_Material for the task_
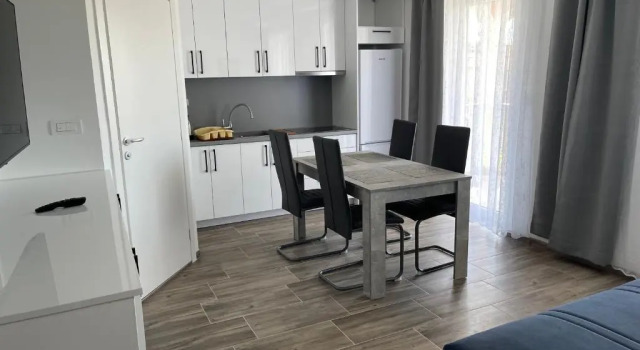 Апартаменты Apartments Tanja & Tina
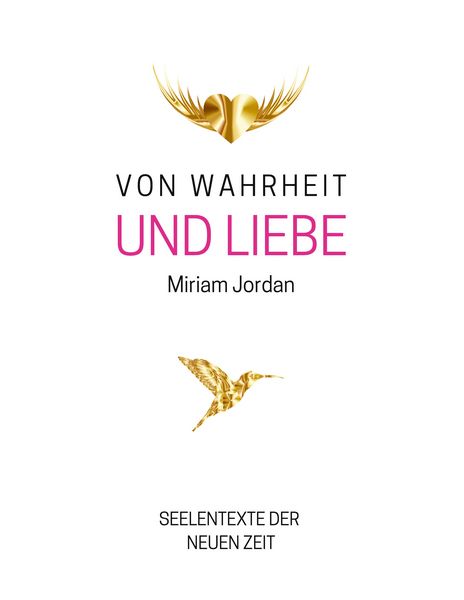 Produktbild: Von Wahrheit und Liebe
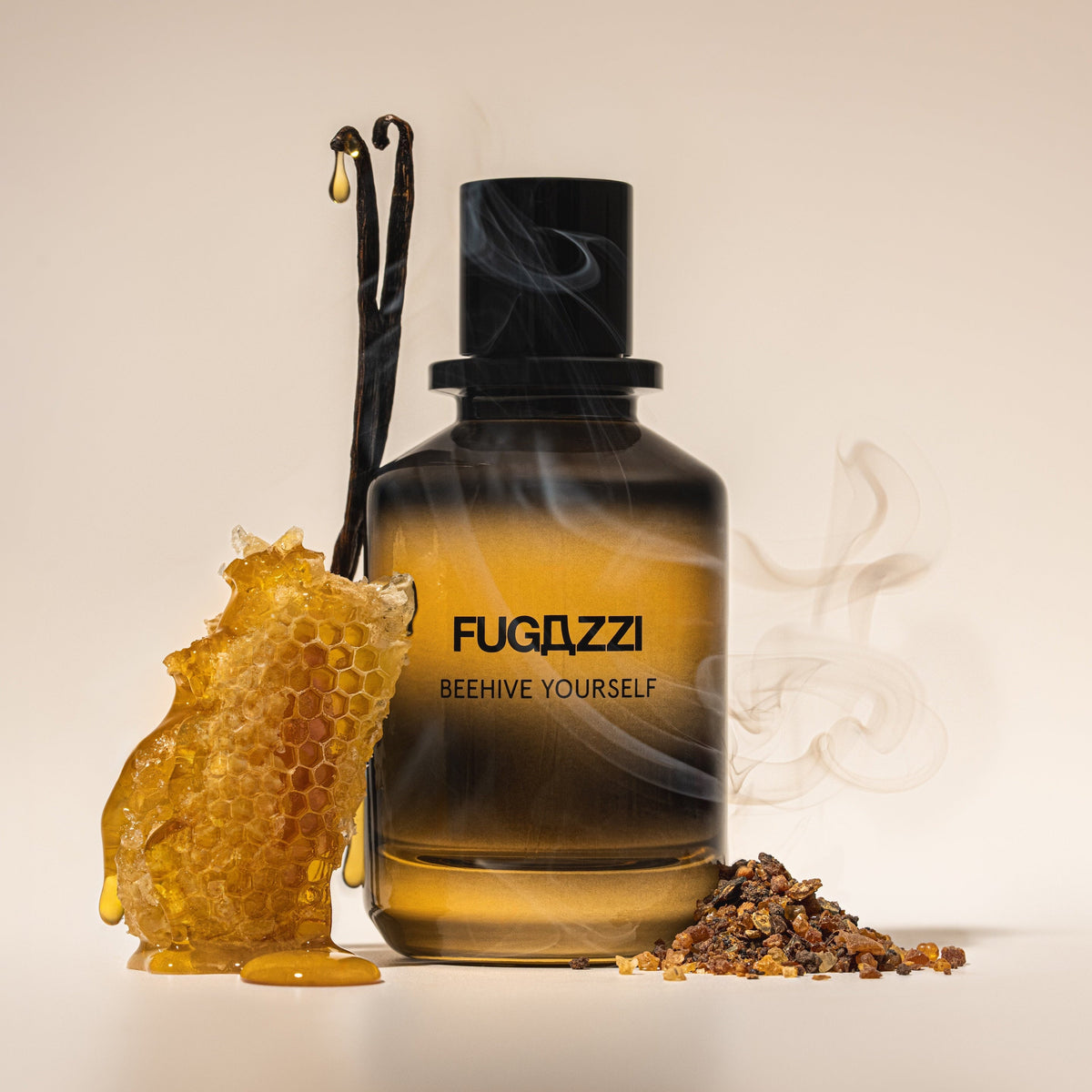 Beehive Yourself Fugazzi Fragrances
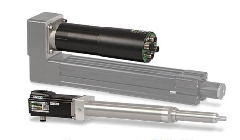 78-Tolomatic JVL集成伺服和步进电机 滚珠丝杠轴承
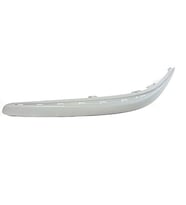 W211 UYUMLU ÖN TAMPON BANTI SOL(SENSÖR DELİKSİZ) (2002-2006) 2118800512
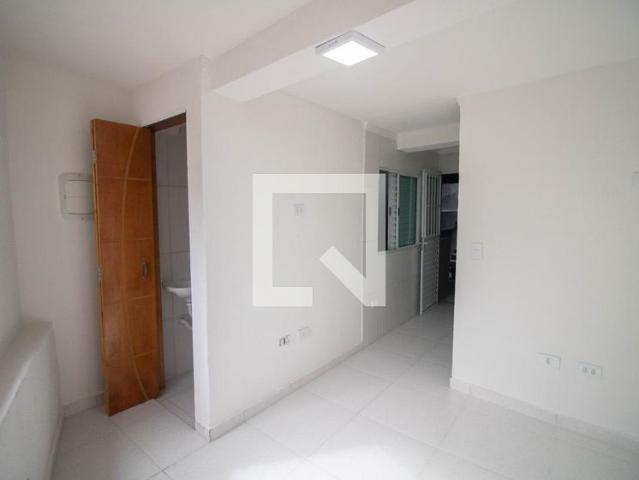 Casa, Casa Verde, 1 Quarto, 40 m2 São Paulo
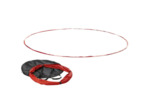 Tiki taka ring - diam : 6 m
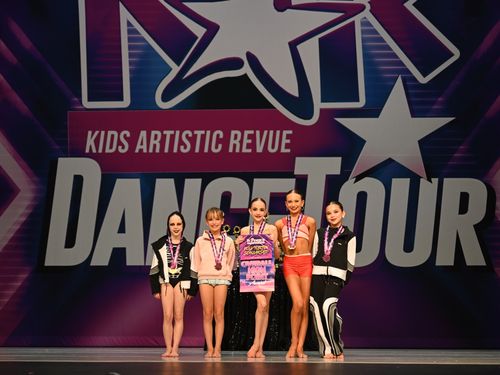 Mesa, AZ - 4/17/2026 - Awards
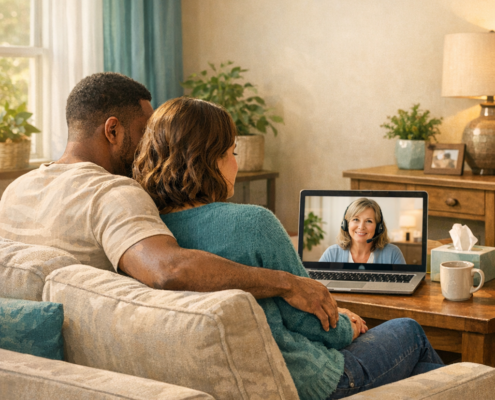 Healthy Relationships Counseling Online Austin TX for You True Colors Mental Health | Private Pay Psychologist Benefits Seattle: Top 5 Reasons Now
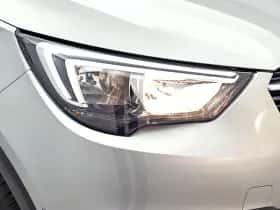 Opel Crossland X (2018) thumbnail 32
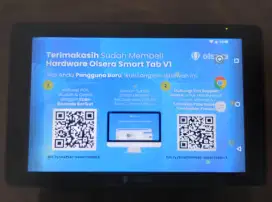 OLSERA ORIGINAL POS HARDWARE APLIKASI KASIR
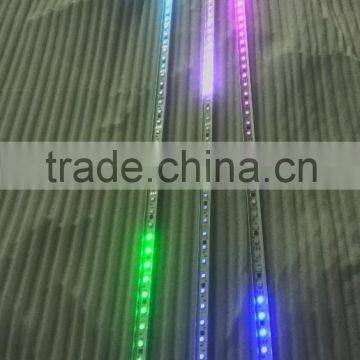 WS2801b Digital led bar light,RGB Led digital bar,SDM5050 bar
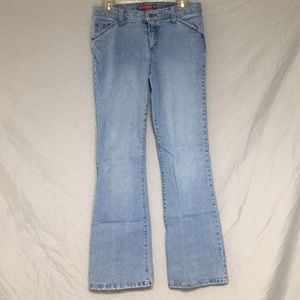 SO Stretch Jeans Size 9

---

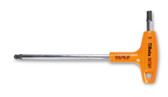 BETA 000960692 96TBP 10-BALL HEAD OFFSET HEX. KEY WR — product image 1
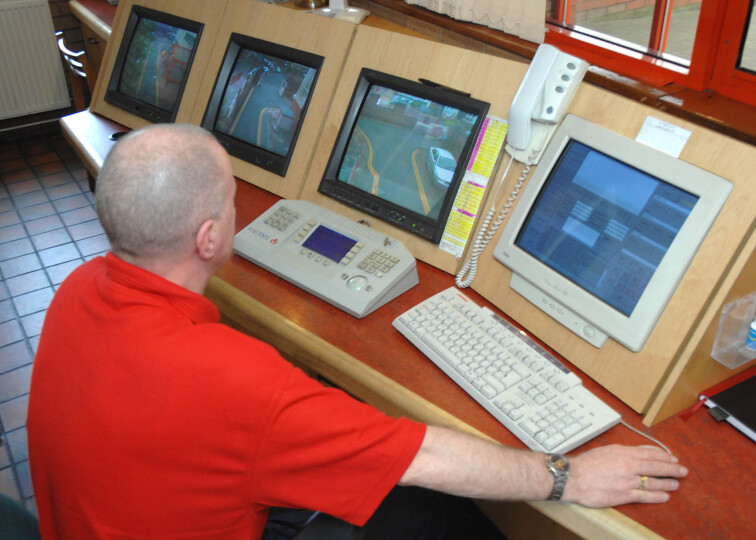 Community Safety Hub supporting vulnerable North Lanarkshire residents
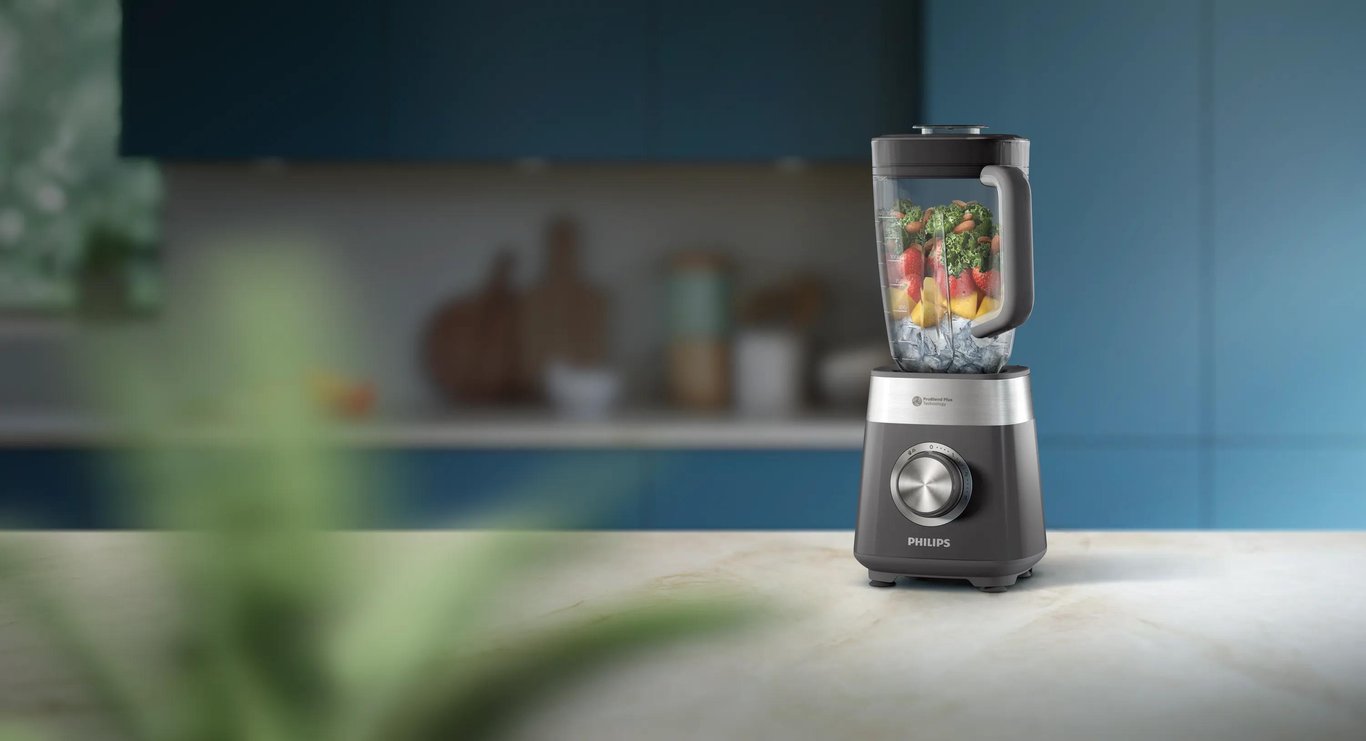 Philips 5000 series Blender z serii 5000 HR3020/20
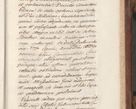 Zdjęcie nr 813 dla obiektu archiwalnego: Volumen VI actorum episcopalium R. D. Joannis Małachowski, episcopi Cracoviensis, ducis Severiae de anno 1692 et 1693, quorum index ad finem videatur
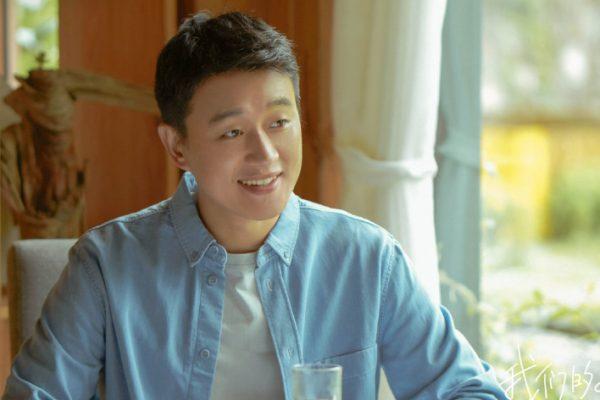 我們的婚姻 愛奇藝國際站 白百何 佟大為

_Assigned task_
The answer is those lines of the material above that run from the one containing "Апартаменты Apartments Tanja & Tina" up to and including the one containing "SO Stretch Jeans Size 9", restated exactly and without images.

_Exercise solution_
 Апартаменты Apartments Tanja & Tina
 Produktbild: Von Wahrheit und Liebe
 Beehive Yourself Fugazzi Fragrances
 78-Tolomatic JVL集成伺服和步进电机 滚珠丝杠轴承
 W211 UYUMLU ÖN TAMPON BANTI SOL(SENSÖR DELİKSİZ) (2002-2006) 2118800512
 Casa, Casa Verde, 1 Quarto, 40 m2 São Paulo
 Tiki taka ring - diam : 6 m
 Mesa, AZ - 4/17/2026 - Awards
 Healthy Relationships Counseling Online Austin TX for You True Colors Mental Health | Private Pay Psychologist Benefits Seattle: Top 5 Reasons Now
 Opel Crossland X (2018) thumbnail 32
 OLSERA ORIGINAL POS HARDWARE APLIKASI KASIR
 WS2801b Digital led bar light,RGB Led digital bar,SDM5050 bar
 SO Stretch Jeans Size 9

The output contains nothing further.